Positive Technologies specialists have published a report on current cyber threats in 2022. According to experts, the total number of incidents increased by 21% compared to 2021, and this is due to “increased tension in cyberspace.” One of the main trends was the increase in the number of incidents related to web resources, the emergence of wipers, as well as the increased cross-industry consequences of attacks on IT companies.
Most often, among organizations, state institutions (17%), medical institutions (9%) and industry (9%) became victims of attacks. In most of these cases, attackers used malware (54%), social engineering (43%), and exploited vulnerabilities (34%) against them.
Also last year, the share of successful attacks against organizations’ web resources increased. If in 2021 official websites were compromised in 17% of cases, then in 2022 the share of such incidents was 22%. Government institutions were the hardest hit: the number of incidents related to attacks on web resources more than doubled, and their share increased from 23% to 41%.
Analysts expect such attacks to continue in 2023. They are especially dangerous for companies that provide online services and provide online payment options: attackers can embed malicious code into websites to intercept personal and payment data.
Ransomware is still the most popular type of malware for cybercriminals. In 2022, criminals used ransomware in every second successful attack on organizations (51%). The most common consequences of such incidents were business disruption (79%) and confidential data leaks (55%). In 12% of incidents, companies suffered direct financial losses.
It is noted that many groups rewrote the malware used in cross-platform programming languages and created versions aimed at both Windows and Linux systems. In addition, the distribution of malware to remove data collection (wipers) is becoming a trend: the increase in the number of incidents using wipers was 175% of the figures for 2021.
In 2022, the interest of cybercriminals in cryptocurrency has once again increased. The number of successful attacks on blockchain projects has more than doubled compared to last year. In 78% of incidents, the attackers succeeded in stealing funds, with the amount of damage in some cases amounting to several hundred million dollars.
Individuals were more likely to become victims of social engineering attacks: the attackers spread messages on social networks and instant messengers about the free distribution of tokens and NFTs, and also offered to transfer funds, promising to return much more assets than were invested. Analysts believe that in 2023 the number of cases of fraud aimed at holders of cryptocurrency assets will only increase.
Social engineering is still on top. In successful attacks on organizations, the share of using this method is 43%, on individuals – 93%. Attackers actively used the phishing-as-a-service model (“phishing as a service”), and even low-skilled hackers could carry out large-scale attacks: ready-made phishing kits helped them in this.
The year passed under the sign of mass leaks: during the entire period, Positive Technologies experts recorded reports of data compromise. Most often, medical institutions became the source of leaks: in 82% of incidents, attackers managed to steal confidential information, mainly personal data of medical institutions’ clients.

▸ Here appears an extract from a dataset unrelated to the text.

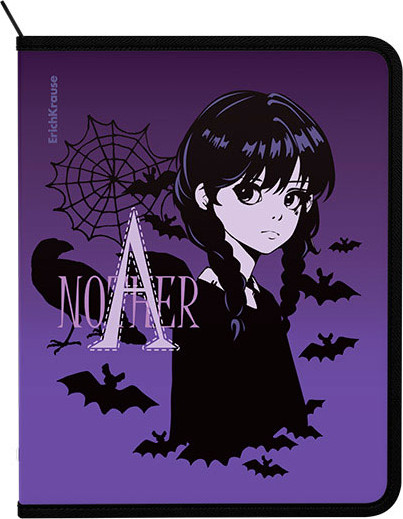 Изображение товара Папка для тетрадей Erich Krause Another One / 61199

In organizations engaged in scientific research or providing educational services, this figure was 67%, and in retail trade – 65%.

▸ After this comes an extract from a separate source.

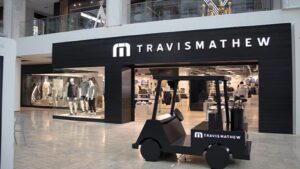 Apparel brand TravisMathew celebrates opening of new store at Chandler Fashion Center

Together with massive leaks, attacks aimed at bypassing multi-factor authentication are gaining popularity. This could lead to an increase in the number of incidents in 2023.
The number of successful attacks targeting IT companies gradually increased, and in the fourth quarter of 2022, their number almost doubled that of the first quarter. Most often, incidents resulted in leaks of confidential information (63%), disruption of core business (35%), use of company resources for attacks (13%).
Such large organizations as Globant, Microsoft, Nvidia, Samsung became victims of malefactors. Attacks on IT companies had cross-industry consequences: both through subsequent hacking of customer infrastructure and through disruption of customer business processes. For example, people could not receive a number of medical and government services due to an attack on an IT solution provider.